If we compare Student-KD and Teacher models, training time is almost half the amount of time for all Student models. For Student-KD-1GPU, the BLEU score is nearly identical to that of the corresponding Teacher model, but the TER and chrF scores show it to be a little worse. If we compare the Student-KD models to the Student-KD+EP models, the latter takes longer to train and leads to better scores for all automatic metrics.

From Figure 3, it is clear that limiting the size of the vocabulary causes the experimental student models to train faster than the original student models (by up to 2 h). The accuracy, however, is lower (by about 2.5 BLEU points, or 10% relative), especially for models trained only on the KD set. The anomaly when using 2 GPUs appears in Table 6 for both vocabulary sizes too, and it again occurs when the model iteration is not saved during the last epoch.

Interestingly, the model with the best accuracy was trained on the EuroParl+KD training set using 2 GPUs and only 4 Transformer heads. In some cases the student models with 4 Transformer heads were slightly quicker to train and more accurate than the original student models with 8 Transformer heads. Figure 4 shows that the accuracy is on average very similar when using the different number of Transformer heads during training, but the average training time for models trained using only 4 Transformer heads is 7 h less than when using 8 Transformer heads.

Kim and Rush [8] showed that when using a long short-term memory architecture, some smaller student MT models outperformed large teacher models. This is also the case for our Transformer models when using the original (Europarl) and KD training set as shown in Table 9.

Impact

In this section, we consider a number of matters which are important industry concerns in the post-deployment phase, where only the translation process itself is taken into account and not the preceding training process. To the best of our knowledge, this study is the first of its type to take a realistic scenario from an actual service provider and estimate the savings that can be achieved from distilling larger models into small ones.

Table 10 shows the time (in seconds) it took for our models to translate the test set we used for evaluation, as described in Section 2. Figure 6 shows some of the site statistics available on the KantanMT Platform https://www.kantanmt.com/ (accessed on 2 December 2021). It is clear from Table 10 that the student models translate the source sentences much faster than the teacher models. Somewhat more interestingly, we observe that using 2 GPUs for translation yields the fastest translation time; more specifically, model Student-KD+EP-2GPU takes 29.49 s to translate 3000 sentences. Furthermore, there are 69,543 German words in the test file that was translated, so model Student-KD+EP-2GPU translated on average 2358 words per second.

Taking the statistics in Figure 6 as an example of where MT is used in the translation industry, an average of 255,546,342 words are translated per month. This average is denoted as

M_{a v g}

. We based our calculations of the cost and carbon emissions on using an NMT model to translate this average amount of words per month. These results are only estimates, and in the future we aim to track these variables more precisely, but they are quite insightful nonetheless. Schwartz et al. [27] point out that tracking these variables is very dependable on the deployment environment since carbon emissions are highly dependable both on the local electricity infrastructure and the type of hardware that is used. Thus, we will need to repeat these experiments in a controlled environment in future work.

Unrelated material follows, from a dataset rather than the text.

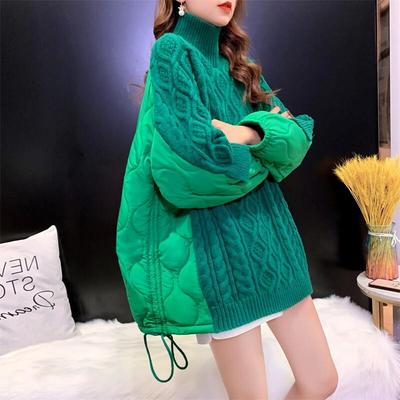 LEEDI秋冬新款设计感小众针织衫外套高领中长款拼接毛衣女加厚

Estimates of the carbon emissions were conducted using the Machine Learning Impact Calculator presented by Lacoste et al. [28].

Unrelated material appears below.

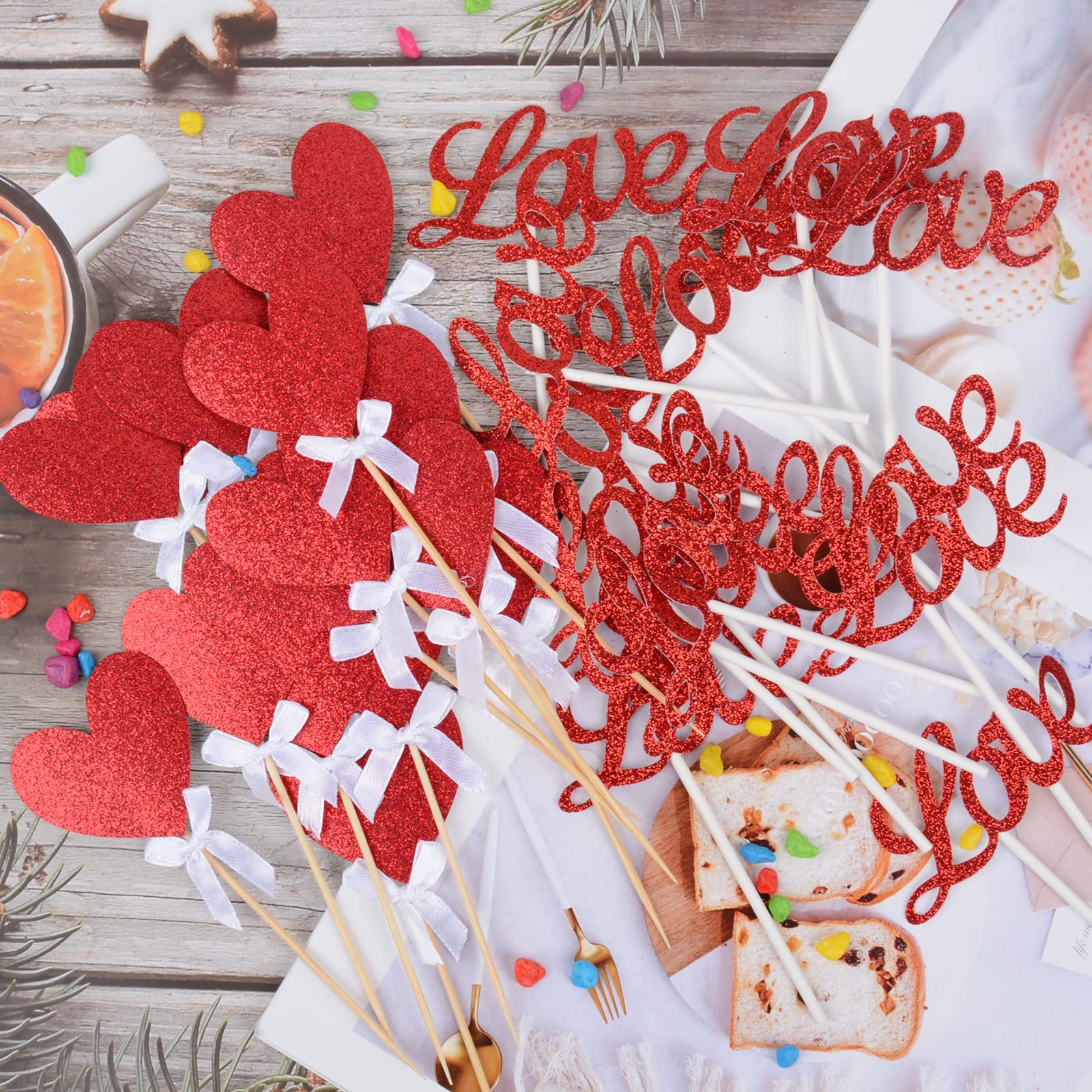 Lot 35 Décorations Gâteau Cœurs Rouges Pailletés - Saint-Valentin Mariage Fête Prénuptiale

As for the cost, we used the AWS Pricing Calculator. The AWS Pricing Calculator (https://calculator.aws/#/) (accessed on 2 December 2021) provides only an estimate of one’s AWS fees to estimate the cost of using AWS GPUs for a given amount of hours per month. We use the p3.8xlarge https://aws.amazon.com/ec2/instance-types/p3/ (accessed on 2 December 2021) instance for pricing calculations which provides access to 4 NVIDIA https://www.nvidia.com/en-us/ (accessed on 2 December 2021) Tesla V100 GPUs, as well as 32 GB EBS Storage. The On-Demand Instances pricing is used.

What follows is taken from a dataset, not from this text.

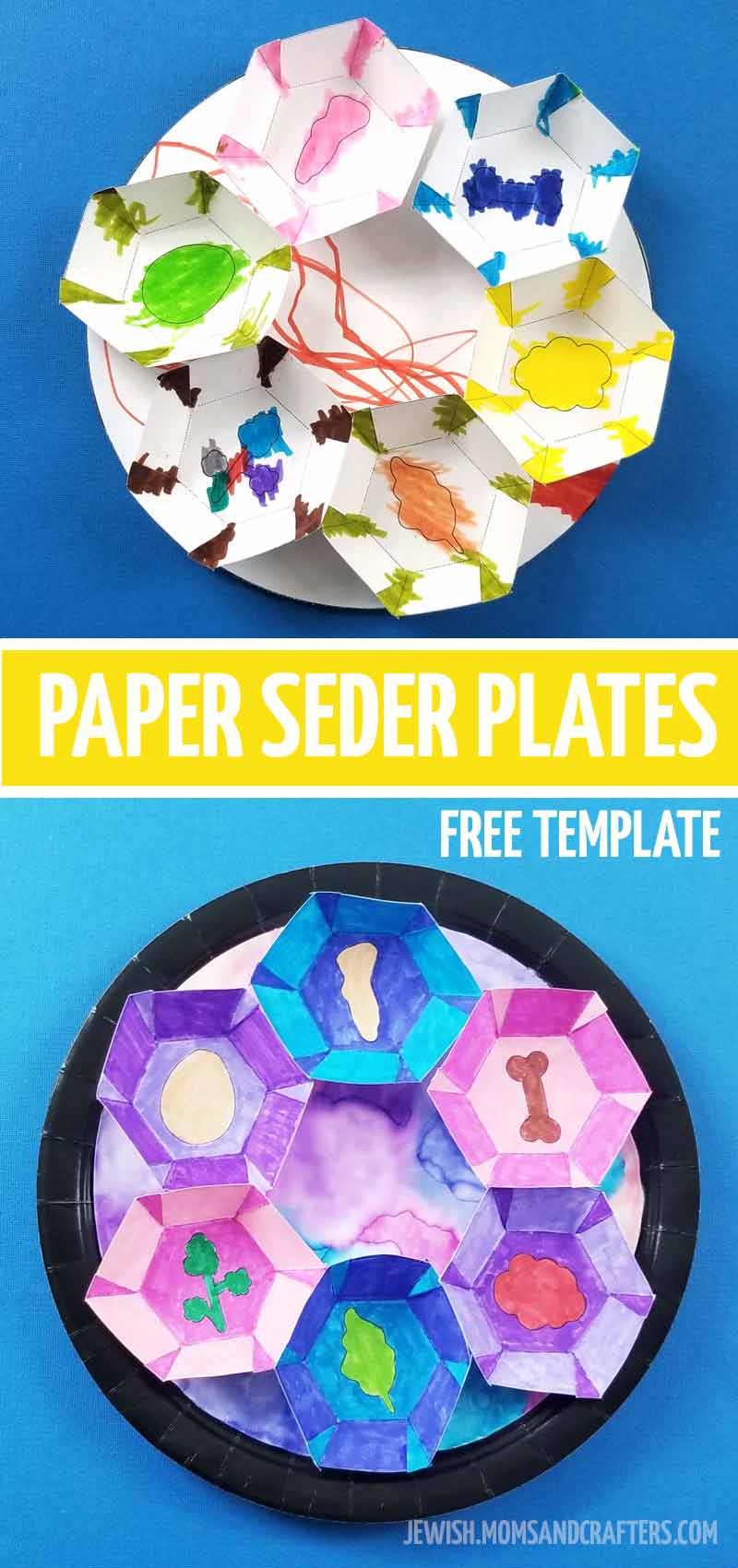 A fun Passover seder plate craft for kids! This adorable Preschool idea for Pesach or Passover includes a free printable and is a great activity for kids at home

In order to estimate a translation time for the cost and carbon emissions, we first calculated the average number of words translated per second by each model and then estimated the time it would take to translate

M_{a v g}

words. These estimates are shown in Table 11. They show pretty clearly that the student models are much more efficient in terms of cost and CO

_{2}

emissions when a model is deployed by industry to provide MT as a service. While the results are preliminary, and further investigation is required, we believe them to be encouraging, and a tentative endorsement of the role that distilled models can play in reducing the carbon footprint of the AI models that we build.

5. Conclusions

In this work, we showed that sequence-level knowledge distillation can be used to reduce model size and training time, without significant loss in performance; in some instances, it even leads to performance gains. It is also clear from our investigation that smaller models can be used when time and space constraints apply without a notable loss in performance. We also showed how changing hyperparameters can impact the training time and accuracy of the student models. Smaller vocabulary sizes lead to faster training times, but the accuracy of these models is quite a bit lower. Using only 4 Transformer heads caused training time to be only slightly faster but, interestingly, with little deterioration in terms of quality; again, in some cases the accuracy actually improved.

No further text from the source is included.